EXERCISE DIRECTIONS:
Reproduce verbatim the lines of the material below, starting at the line with "Executables by ..." and ending at the line with "Read After School", both inclusive; skip the rest.

** Opening WORKING DATA block **

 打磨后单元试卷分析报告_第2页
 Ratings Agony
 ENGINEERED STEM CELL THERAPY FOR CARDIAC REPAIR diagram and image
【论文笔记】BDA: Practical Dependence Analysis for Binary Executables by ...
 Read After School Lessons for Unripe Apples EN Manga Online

** Closing WORKING DATA block **
** Opening WORKING DATA block **

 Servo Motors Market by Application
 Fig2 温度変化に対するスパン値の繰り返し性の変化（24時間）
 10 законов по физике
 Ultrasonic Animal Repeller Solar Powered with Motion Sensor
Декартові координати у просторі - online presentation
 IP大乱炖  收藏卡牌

** Closing WORKING DATA block **
** Opening WORKING DATA block **

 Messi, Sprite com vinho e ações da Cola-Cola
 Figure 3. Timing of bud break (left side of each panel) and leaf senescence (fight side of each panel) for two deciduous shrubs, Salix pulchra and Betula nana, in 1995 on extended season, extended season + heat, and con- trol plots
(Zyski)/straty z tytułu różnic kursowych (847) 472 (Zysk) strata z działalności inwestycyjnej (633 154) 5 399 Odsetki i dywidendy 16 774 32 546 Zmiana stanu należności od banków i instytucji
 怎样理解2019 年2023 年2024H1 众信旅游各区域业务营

** Closing WORKING DATA block **

WRITTEN REPLY:
【论文笔记】BDA: Practical Dependence Analysis for Binary Executables by ...
 Read After School Lessons for Unripe Apples EN Manga Online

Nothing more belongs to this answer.